WHAT THE TASK ASKS |
Look at the entries below and restate word for word the lines from the first through the one that has "Bathroom 23".

-------- ENTRIES SUPPLIED

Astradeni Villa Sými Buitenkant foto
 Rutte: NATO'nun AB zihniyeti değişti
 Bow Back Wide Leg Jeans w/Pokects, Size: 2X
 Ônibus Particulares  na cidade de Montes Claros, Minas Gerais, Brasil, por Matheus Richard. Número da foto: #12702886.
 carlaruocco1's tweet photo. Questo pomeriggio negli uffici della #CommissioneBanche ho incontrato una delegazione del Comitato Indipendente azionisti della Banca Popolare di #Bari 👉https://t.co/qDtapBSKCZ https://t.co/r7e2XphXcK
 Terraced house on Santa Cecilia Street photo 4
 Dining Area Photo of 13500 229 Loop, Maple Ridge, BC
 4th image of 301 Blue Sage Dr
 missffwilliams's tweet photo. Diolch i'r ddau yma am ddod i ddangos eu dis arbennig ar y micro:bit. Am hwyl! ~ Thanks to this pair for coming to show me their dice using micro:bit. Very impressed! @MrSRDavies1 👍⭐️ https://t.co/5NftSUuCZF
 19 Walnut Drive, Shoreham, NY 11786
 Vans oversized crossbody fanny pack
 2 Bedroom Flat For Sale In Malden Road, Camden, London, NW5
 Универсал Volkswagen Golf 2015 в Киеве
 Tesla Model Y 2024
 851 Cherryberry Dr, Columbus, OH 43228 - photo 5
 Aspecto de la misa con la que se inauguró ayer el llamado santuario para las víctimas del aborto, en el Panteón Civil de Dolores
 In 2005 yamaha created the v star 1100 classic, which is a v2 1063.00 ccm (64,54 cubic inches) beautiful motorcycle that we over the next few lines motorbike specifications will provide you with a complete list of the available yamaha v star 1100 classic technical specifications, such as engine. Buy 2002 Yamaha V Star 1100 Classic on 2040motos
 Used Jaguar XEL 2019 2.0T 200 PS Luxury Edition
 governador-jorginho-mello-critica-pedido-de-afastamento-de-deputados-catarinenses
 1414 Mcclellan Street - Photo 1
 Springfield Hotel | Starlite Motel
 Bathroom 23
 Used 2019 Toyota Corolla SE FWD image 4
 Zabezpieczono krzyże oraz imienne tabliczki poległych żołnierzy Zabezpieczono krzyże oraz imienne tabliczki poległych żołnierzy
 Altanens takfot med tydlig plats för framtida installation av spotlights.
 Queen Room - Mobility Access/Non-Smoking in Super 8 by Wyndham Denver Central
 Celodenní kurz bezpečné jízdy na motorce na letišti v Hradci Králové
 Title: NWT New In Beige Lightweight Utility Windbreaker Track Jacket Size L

----------------

EXPECTED OUTPUT |
Astradeni Villa Sými Buitenkant foto
 Rutte: NATO'nun AB zihniyeti değişti
 Bow Back Wide Leg Jeans w/Pokects, Size: 2X
 Ônibus Particulares  na cidade de Montes Claros, Minas Gerais, Brasil, por Matheus Richard. Número da foto: #12702886.
 carlaruocco1's tweet photo. Questo pomeriggio negli uffici della #CommissioneBanche ho incontrato una delegazione del Comitato Indipendente azionisti della Banca Popolare di #Bari 👉https://t.co/qDtapBSKCZ https://t.co/r7e2XphXcK
 Terraced house on Santa Cecilia Street photo 4
 Dining Area Photo of 13500 229 Loop, Maple Ridge, BC
 4th image of 301 Blue Sage Dr
 missffwilliams's tweet photo. Diolch i'r ddau yma am ddod i ddangos eu dis arbennig ar y micro:bit. Am hwyl! ~ Thanks to this pair for coming to show me their dice using micro:bit. Very impressed! @MrSRDavies1 👍⭐️ https://t.co/5NftSUuCZF
 19 Walnut Drive, Shoreham, NY 11786
 Vans oversized crossbody fanny pack
 2 Bedroom Flat For Sale In Malden Road, Camden, London, NW5
 Универсал Volkswagen Golf 2015 в Киеве
 Tesla Model Y 2024
 851 Cherryberry Dr, Columbus, OH 43228 - photo 5
 Aspecto de la misa con la que se inauguró ayer el llamado santuario para las víctimas del aborto, en el Panteón Civil de Dolores
 In 2005 yamaha created the v star 1100 classic, which is a v2 1063.00 ccm (64,54 cubic inches) beautiful motorcycle that we over the next few lines motorbike specifications will provide you with a complete list of the available yamaha v star 1100 classic technical specifications, such as engine. Buy 2002 Yamaha V Star 1100 Classic on 2040motos
 Used Jaguar XEL 2019 2.0T 200 PS Luxury Edition
 governador-jorginho-mello-critica-pedido-de-afastamento-de-deputados-catarinenses
 1414 Mcclellan Street - Photo 1
 Springfield Hotel | Starlite Motel
 Bathroom 23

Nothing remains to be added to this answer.